Arbre généalogique des Flaviens.

De 57 à 59, Titus occupe la magistrature de tribun militaire en Germanie et sert plus tard en Britannia. Sa première femme, Arrecina Tertulla, décède deux ans après leur mariage, en 65. Titus prend en secondes noces la fille d'une famille plus renommée, Marcia Furnilla. Cependant, la famille Marcia est étroitement liée au milieu d'opposition à l'empereur Néron. Barea Soranos son oncle et sa fille Servilia ont été parmi ceux qui ont péri après l'infructueuse conjuration de Pison en 65. Certains historiens modernes avancent que la raison du divorce de Titus est à chercher dans les liens que sa belle-famille entretient avec cette conspiration. Il ne reprit jamais d'épouse. Titus semble avoir eu plusieurs filles, au moins une d'elles de son union avec Marcia Furnilla. La seule enfant connue à avoir survécu à l'âge adulte est Julia Flavia, peut-être fille d'Arrecina, dont la mère a également été nommée Julia. Au cours de cette période, Titus exerce également des activités juridiques et obtient le rang de questeur.

L'accession au pouvoir

Néron est déchu en 68, sa dynastie s’éteint. Il s'ensuit une guerre pour le trône, avec des successions rapides d'empereurs durant l'année 69 : Galba, Othon, Vitellius et Vespasien. Vespasien est le seul à rester au pouvoir. D'origine modeste, Vespasien doit légitimer son principat, qui n'est plus légitimé du prestige de la naissance. Pour cela, l'empereur utilise des titres nouveaux et se présente comme étant dans la succession républicaine (Voir l'entrée de Titus dans Rome). Il rétablit à Rome l'hérédité de son titre, dans la tradition césarienne. Le culte des empereurs est alors le symbole de la continuité et de la légitimité.

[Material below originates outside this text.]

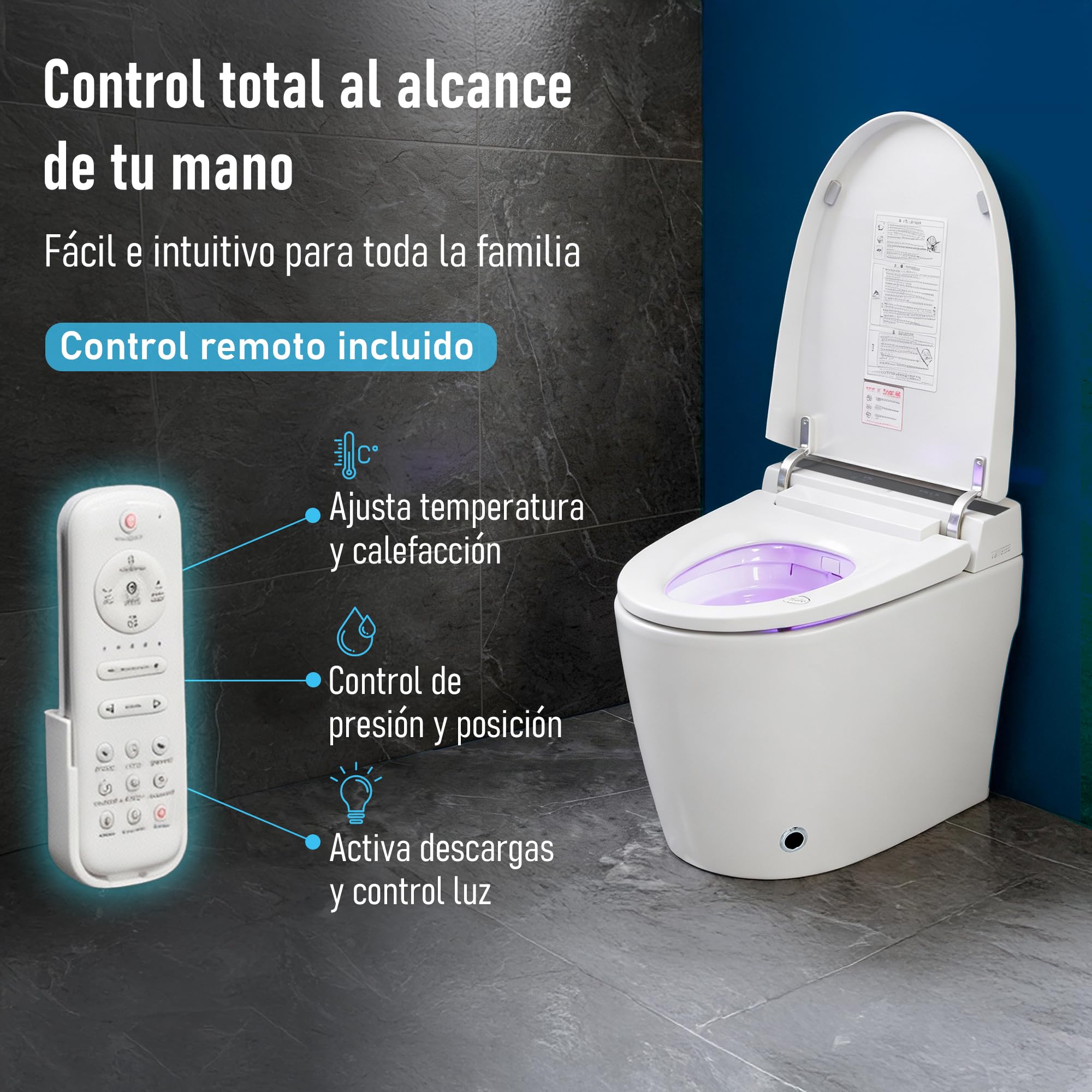 Inodoro Inteligente Estilo Japonés | 680x390x490 mm | WC con Bidet Integrado, Asiento Calefactable, Agua Caliente y Secado, Sensor, Control Remoto y Tapa Automática, Sin Depósito (Blanco | 1C)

Vespasien augmente le nombre des membres du Sénat, augmente et généralise ensuite les impôts, et renforce les frontières de l’empire. Il restitue les temples sacrés à Rome, et fait construire le forum de la Paix de 71 à 75, sur lequel il place un temple de la Paix.

Le règne de son fils Titus est bref (79 - 81) mais populaire. Domitien lui succède et lutte contre les sénateurs, instaure des impôts sur les bâtiments somptueux, les jeux et les spectacles, et augmente la solde des militaires. Il divinise ses prédécesseurs par un temple qui leur est consacré, et construit le palais Flavien. Son assassinat met fin à son despotisme entre 89 et 96. La dynastie des Antonins succède aux Flaviens.

Les membres de la dynastie

Vespasien

Titus

Domitien

Administration

Principes de gouvernement

Depuis la chute de la République, l'autorité du Sénat romain s'était largement érodée sous le système de gouvernement quasi-monarchique établi par Auguste, connu sous le nom de Principat. Le Principat permettait l'existence d'un régime dictatorial de facto, tout en maintenant le cadre formel de la République romaine[11]. La plupart des empereurs maintenaient l’apparence de la démocratie, et en retour le Sénat reconnaissait implicitement le statut de monarque de facto de l'empereur[12]. La guerre civile de 69 avait clairement montré que le pouvoir réel dans l'Empire résidait dans le contrôle de l'armée. Au moment où Vespasien fut proclamé empereur à Rome, tout espoir de restaurer la République s'était dissipé depuis longtemps.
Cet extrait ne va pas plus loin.